(Beginning of DATA PROVIDED)

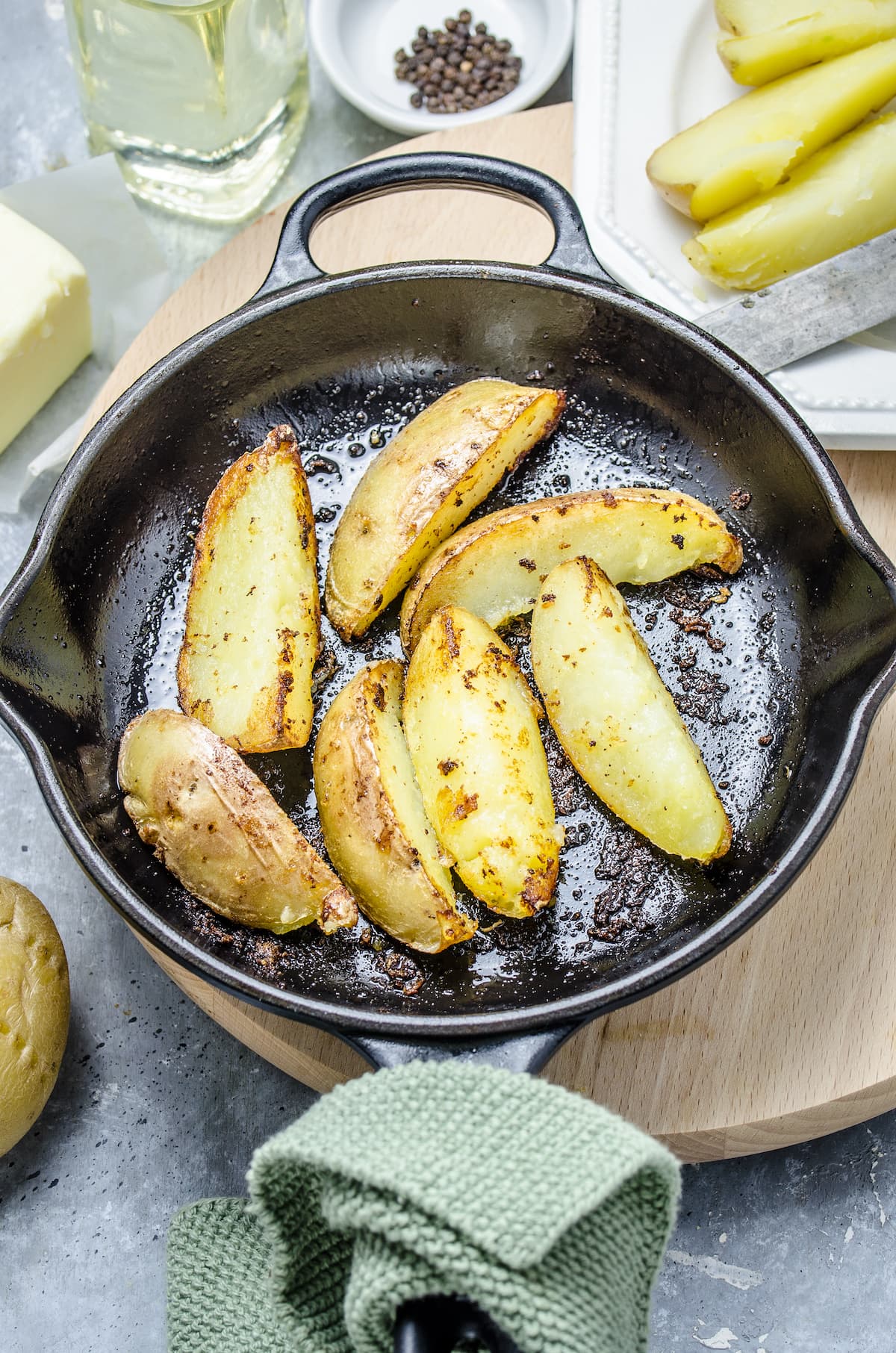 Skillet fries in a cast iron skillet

(End of DATA PROVIDED)
(Beginning of DATA PROVIDED)

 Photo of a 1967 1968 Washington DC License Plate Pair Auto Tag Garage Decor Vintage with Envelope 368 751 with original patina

(End of DATA PROVIDED)
(Beginning of DATA PROVIDED)

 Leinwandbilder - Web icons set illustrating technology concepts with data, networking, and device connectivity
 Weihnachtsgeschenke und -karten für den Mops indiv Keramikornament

(End of DATA PROVIDED)

**DIRECTIONS:**
In the records above, the lines containing the string "with" should be counted; give only the total.

**ANSWER TO THIS PROBLEM:**
2